In the light of what I have experienced in this course I think that online learning has educational values and also problems. Of course ICT is here to stay in the modern world, and even if teachers dislike it they have an obligation to teach their students how to use it properly and wisely. It will be part of their work and leisure.
The values are that the students do enjoy it at times. That it is immediate, can be used to foster collaboration as in my Year 7 and Year 9 blogs where the students can have discussions with each other whenever is convenient. The technology support teacher at school has set up my year 9 blog so that it looks extremely beautiful and is easy for me and the students to use - it will email me when there is a posting and it will be easy for me to email the students. I have been able to post games, music, pictures, film and also set up discussion exercises. Some of these seem to be attracting the students' attention
I have yet to see whether this is really helpful to deeper learning on the part of the students. In my experience, with the sort of skills and insight that English aims to teach, the class discussion, group work with butchers' paper and the use of film in the class room are the technologies where I have the most satisfying and deep lessons. However, I have enjoyed the technology and it makes it easy to present things beautifully.
My main concerns are the amount of time it takes and how difficult it is to get something right initially. Just to take one example - arriving late today (of course this was my fault trying to do one more thing on a busy day) i had to try four computers before one worked (this is very often the case when we use laptops in the class room) - so there are inevitable frustrations. Then I thought I had practised redoing all the necessary parts of a Blog over the weekend, but had not run through uploading Inspiration, so although I could do the Inspiration mind map I couldn't unload it.

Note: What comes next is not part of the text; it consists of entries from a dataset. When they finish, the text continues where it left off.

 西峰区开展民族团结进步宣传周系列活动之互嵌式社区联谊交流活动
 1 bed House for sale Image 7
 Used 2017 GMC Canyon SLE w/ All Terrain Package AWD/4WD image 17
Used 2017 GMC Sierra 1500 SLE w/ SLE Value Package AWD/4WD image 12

Moreover I find that when using technology it has a seductive quality. I can spend hours making it look pretty and finding the perfect picture (almost always art) on Google Images - but then I may not have sufficient time to develop the content. It is also extremely easy to cut and past - so one may just fall into the temptation of grabbing something that looks suitable and pasting it in without really considering if it is the best. I am afrai, working at the pace I do, I often grab a poem from the internet without checking whether the text matches a good edition of the poem. We live at such a pace it is hard to do everything well and I think the pressure of technology only increases the pace.

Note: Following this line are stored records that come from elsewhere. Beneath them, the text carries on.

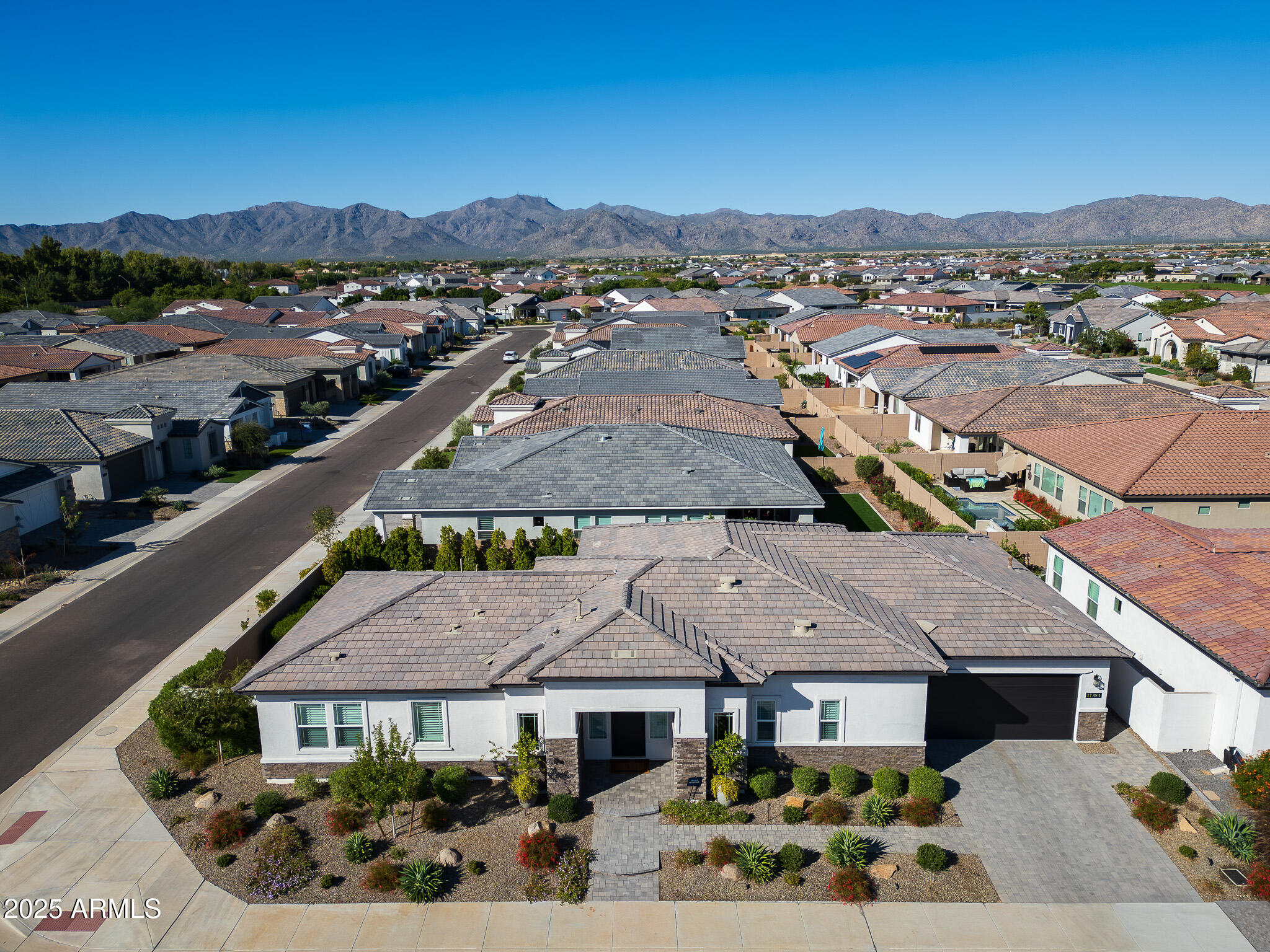 17384 W AUBURN Street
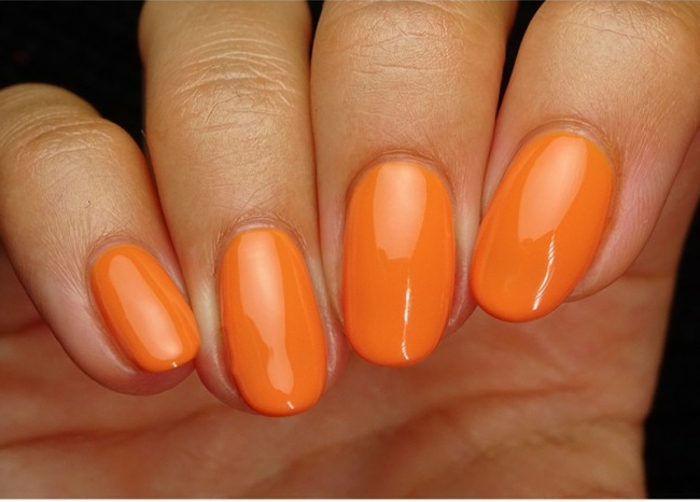 uñas en gel decoradas en color naranja, preciosas uñas de longitud larga y forma ovalada, tendencias en los colores primavera 2018 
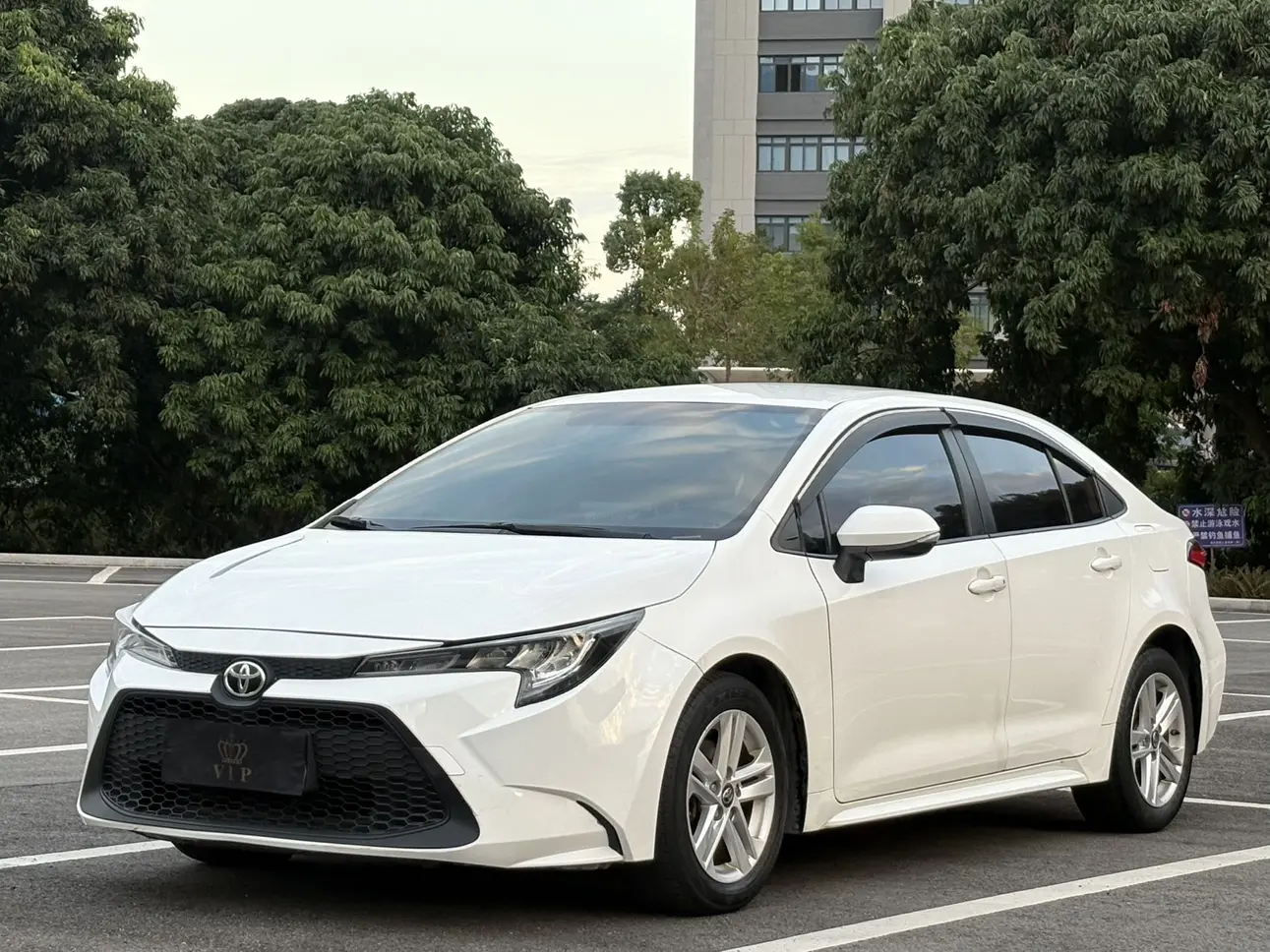 Toyota Levin (Lei Ling)  из Китая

And then of course there is the damage to the body. I know that Iwill be a complete physical wreck tomorrow - back, eyes, hips, hands, shoulders all aching from overuse of the computer pounding away solidly for two hours. Studies show that there are physical changes in peoples hands and eyes as a result of using mobile phones and computer screens. Obesity is another issue.
A worse one in schools, and one particularly facilitated by ICT is plagiarism - barely an issue when I was an undergraduate - something I had not even really heard of - but now something that happens all the time - and sometimes you just have to Google a key word to find the source. But sometimes students get away with it. It is so easy.
Yesterday a dear friend and I who are working on a book together started to get a roll with our writing. We went to the cafe intending to get a takeaway coffee and return to work. But instead (partly because of my hatred of disposable cups) we went in and sat in a booth talking and writing with a pen on paper for at least an hour. And about half way though I wrote on the paper that we would not have achieved so much if we had taken the coffee home and started using the computers - the worst danger for me with computers is that they encourage non-sequential thinking - a sort of cherry picking where you browse and pluck bits and pieces from here and there. Computers and ICT are useful tools, adding immediacy and variety to learning, but I am far from convinced that they really encourage deeper thinking than the old technologies.